> Problem details: Scan the records below. Report the number of lines containing the word "Black", and nothing more.

Short text fragments from websites
______

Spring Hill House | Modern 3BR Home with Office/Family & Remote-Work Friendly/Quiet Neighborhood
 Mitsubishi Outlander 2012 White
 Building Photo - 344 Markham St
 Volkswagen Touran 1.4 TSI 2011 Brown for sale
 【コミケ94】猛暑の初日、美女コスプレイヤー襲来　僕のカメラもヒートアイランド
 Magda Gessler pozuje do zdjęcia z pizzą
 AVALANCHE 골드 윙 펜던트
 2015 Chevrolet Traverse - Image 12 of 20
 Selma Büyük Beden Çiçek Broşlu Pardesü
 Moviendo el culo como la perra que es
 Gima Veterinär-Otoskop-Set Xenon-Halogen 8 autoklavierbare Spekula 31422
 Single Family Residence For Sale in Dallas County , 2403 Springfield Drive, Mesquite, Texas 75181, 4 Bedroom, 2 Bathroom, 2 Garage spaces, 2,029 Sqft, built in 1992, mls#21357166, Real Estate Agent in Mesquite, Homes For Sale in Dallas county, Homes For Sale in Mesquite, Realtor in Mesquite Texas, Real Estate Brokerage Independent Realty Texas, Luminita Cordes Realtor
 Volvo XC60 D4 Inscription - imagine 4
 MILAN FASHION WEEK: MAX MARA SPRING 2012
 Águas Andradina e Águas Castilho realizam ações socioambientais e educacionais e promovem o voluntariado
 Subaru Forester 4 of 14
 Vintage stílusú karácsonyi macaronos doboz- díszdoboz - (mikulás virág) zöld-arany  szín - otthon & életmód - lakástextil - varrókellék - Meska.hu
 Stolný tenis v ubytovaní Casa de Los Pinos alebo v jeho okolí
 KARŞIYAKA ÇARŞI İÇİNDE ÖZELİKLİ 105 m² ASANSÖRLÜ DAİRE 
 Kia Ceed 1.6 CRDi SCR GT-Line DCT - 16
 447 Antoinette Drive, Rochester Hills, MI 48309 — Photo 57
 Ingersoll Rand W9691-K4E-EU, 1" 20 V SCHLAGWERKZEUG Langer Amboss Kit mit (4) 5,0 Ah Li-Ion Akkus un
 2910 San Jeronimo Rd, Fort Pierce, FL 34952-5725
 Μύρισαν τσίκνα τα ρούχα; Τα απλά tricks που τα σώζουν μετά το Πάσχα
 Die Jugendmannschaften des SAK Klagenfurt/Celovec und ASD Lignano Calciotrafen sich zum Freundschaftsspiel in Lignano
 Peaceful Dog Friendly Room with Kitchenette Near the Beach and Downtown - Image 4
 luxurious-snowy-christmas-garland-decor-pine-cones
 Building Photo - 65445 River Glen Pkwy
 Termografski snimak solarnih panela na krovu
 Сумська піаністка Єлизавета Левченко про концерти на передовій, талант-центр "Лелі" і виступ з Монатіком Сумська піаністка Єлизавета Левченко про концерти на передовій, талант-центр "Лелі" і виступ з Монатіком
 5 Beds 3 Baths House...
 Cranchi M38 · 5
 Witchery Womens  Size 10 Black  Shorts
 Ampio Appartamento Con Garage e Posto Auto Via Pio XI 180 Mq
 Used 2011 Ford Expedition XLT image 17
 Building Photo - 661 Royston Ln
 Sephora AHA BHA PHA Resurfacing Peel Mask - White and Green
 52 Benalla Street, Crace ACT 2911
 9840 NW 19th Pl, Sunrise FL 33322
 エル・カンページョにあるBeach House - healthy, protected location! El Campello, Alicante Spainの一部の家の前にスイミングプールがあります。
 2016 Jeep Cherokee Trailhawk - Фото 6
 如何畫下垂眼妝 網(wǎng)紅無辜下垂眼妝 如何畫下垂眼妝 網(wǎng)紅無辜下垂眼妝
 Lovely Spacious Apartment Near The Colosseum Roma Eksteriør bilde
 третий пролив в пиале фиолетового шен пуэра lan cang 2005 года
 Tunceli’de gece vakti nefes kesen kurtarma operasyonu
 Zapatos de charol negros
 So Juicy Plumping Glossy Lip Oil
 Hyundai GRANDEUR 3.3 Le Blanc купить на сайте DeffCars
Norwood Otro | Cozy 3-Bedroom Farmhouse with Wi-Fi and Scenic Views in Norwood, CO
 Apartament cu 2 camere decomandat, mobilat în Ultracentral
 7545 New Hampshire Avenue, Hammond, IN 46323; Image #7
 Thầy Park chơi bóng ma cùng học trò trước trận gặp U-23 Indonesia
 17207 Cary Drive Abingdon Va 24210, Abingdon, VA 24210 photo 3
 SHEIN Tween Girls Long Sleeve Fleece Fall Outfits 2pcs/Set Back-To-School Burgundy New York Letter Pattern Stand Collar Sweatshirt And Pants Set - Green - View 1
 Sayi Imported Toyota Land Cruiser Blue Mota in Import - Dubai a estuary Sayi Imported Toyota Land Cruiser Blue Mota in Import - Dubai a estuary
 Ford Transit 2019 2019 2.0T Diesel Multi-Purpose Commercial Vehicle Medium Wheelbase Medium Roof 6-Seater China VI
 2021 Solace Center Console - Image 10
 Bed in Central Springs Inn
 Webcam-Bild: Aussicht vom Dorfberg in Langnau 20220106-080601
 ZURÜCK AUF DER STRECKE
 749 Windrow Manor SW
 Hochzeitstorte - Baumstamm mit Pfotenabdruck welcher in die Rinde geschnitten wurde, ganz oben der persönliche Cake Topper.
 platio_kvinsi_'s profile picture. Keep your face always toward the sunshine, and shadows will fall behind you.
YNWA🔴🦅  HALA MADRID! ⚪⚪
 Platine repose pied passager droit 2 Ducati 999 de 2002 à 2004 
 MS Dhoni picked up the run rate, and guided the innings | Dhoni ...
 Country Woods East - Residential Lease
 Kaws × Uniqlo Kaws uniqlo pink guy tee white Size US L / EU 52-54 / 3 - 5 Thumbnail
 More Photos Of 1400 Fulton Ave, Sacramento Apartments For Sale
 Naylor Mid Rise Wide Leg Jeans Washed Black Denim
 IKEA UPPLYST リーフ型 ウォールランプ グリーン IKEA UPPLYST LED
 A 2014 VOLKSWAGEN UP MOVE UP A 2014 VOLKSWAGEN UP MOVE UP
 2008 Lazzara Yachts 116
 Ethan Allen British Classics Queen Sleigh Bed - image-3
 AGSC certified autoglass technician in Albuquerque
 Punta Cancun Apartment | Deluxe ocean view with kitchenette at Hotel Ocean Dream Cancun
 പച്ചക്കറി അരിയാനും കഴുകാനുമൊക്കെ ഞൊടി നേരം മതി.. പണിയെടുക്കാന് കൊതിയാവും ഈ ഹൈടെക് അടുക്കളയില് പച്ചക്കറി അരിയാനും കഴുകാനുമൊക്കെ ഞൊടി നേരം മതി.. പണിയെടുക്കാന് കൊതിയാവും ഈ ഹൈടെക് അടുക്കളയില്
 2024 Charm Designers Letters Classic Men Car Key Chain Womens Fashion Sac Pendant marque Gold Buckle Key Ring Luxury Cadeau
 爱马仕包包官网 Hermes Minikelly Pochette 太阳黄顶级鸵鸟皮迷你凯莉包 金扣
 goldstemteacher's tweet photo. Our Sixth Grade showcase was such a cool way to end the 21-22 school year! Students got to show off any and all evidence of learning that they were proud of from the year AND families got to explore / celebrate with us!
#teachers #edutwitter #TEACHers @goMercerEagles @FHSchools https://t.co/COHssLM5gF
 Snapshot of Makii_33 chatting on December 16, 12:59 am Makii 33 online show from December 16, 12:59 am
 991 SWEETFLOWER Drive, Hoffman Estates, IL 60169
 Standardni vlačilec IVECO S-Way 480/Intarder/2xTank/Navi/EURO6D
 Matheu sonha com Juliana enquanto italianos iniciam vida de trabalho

______

> Completed exercise: 2